WHAT IS NEEDED » Leave out every picture and set down, exactly, the lines below from the one holding "A bathroom with" up to and including the one holding "1934 PEACE DOLLAR".

RECORDS FOR THE TASK »
# # # # #

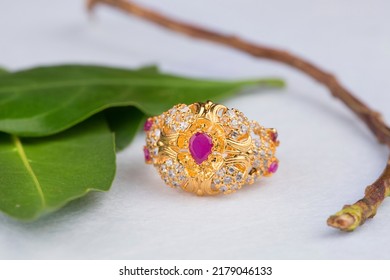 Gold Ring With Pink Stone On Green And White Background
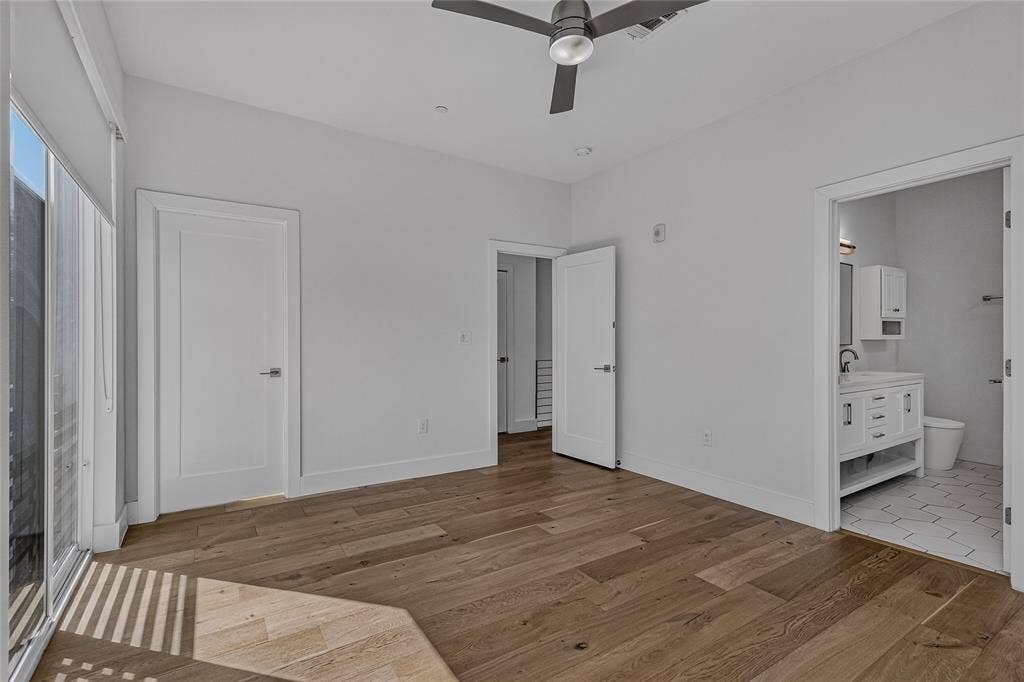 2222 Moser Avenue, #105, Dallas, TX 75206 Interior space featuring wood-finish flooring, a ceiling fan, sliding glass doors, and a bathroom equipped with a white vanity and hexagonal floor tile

# # # # #

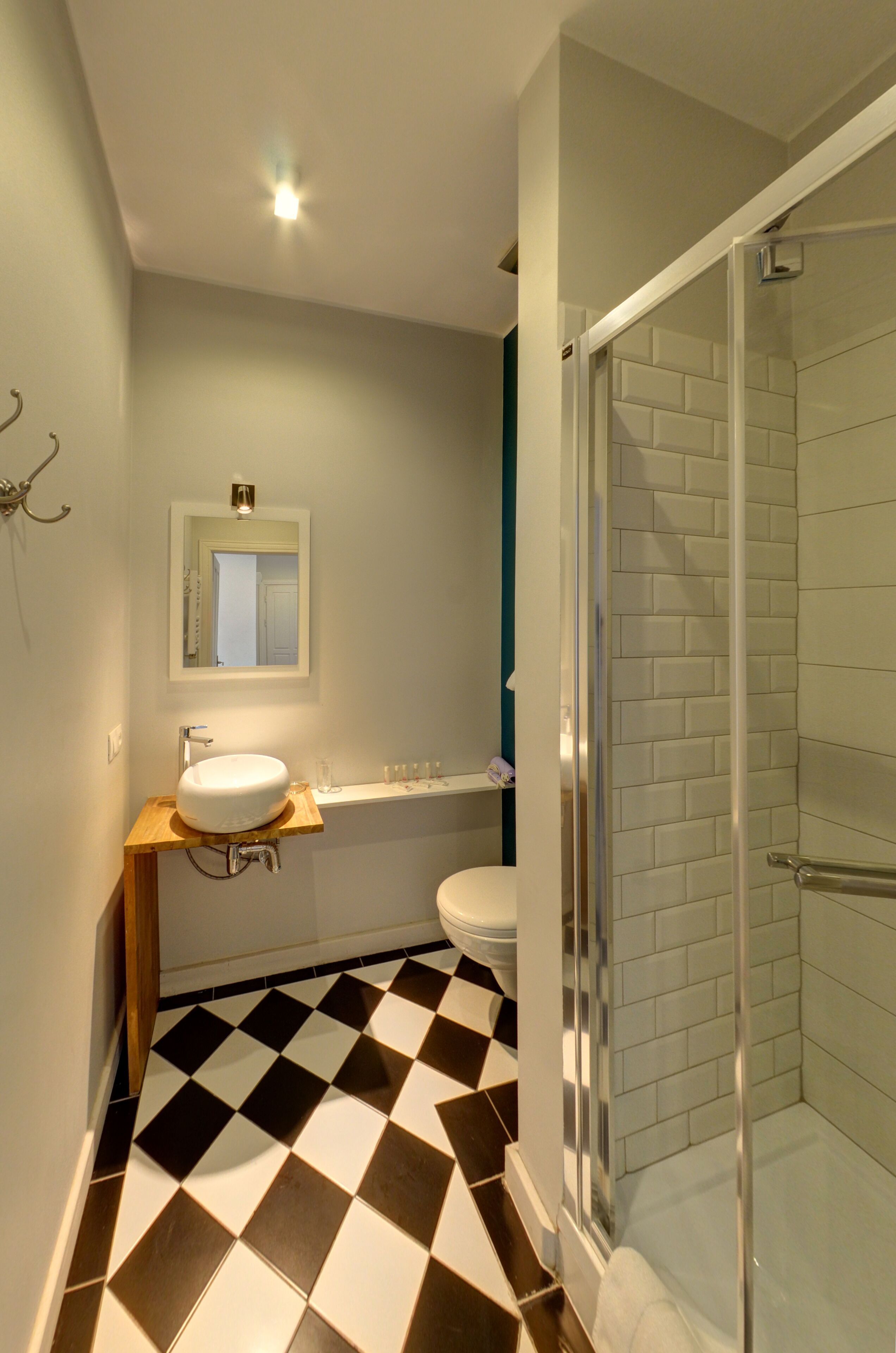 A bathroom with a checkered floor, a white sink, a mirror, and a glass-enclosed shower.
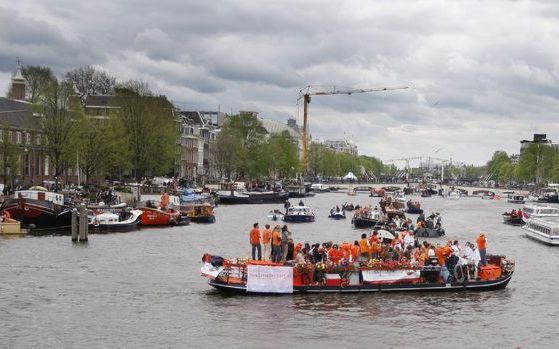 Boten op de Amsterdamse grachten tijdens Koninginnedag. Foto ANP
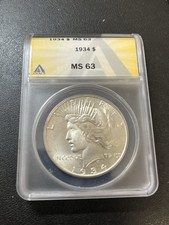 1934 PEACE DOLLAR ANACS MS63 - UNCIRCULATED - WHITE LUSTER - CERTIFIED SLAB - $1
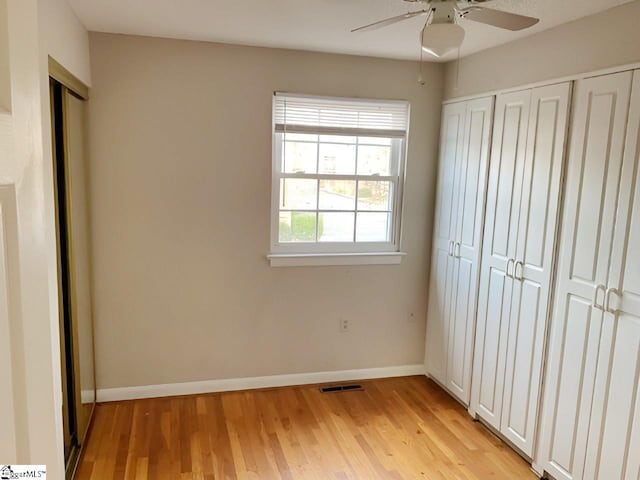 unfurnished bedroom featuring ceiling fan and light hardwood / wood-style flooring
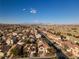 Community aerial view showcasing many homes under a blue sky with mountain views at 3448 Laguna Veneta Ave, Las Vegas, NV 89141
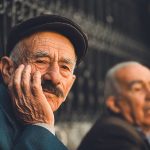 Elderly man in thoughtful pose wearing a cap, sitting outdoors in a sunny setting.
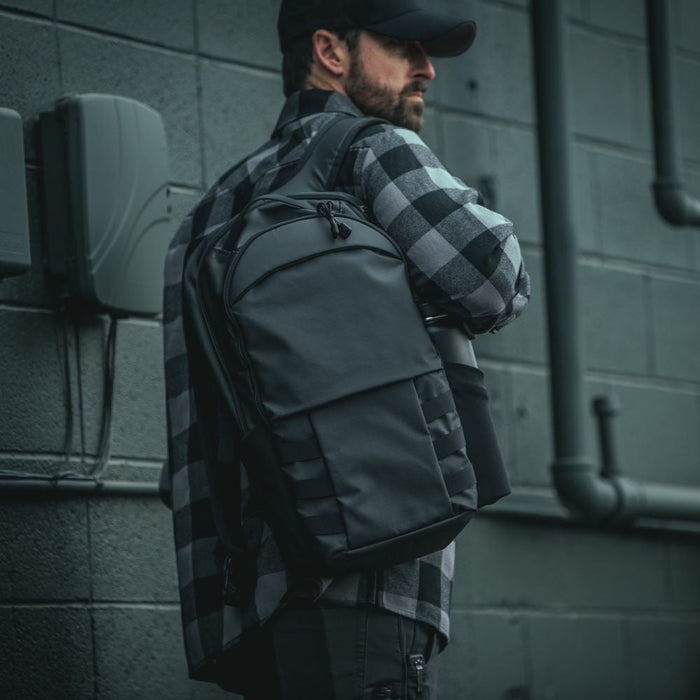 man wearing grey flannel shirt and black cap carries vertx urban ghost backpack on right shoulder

# # # # #

RESPONSE AREA »
 A bathroom with a checkered floor, a white sink, a mirror, and a glass-enclosed shower.
 Boten op de Amsterdamse grachten tijdens Koninginnedag. Foto ANP
 1934 PEACE DOLLAR ANACS MS63 - UNCIRCULATED - WHITE LUSTER - CERTIFIED SLAB - $1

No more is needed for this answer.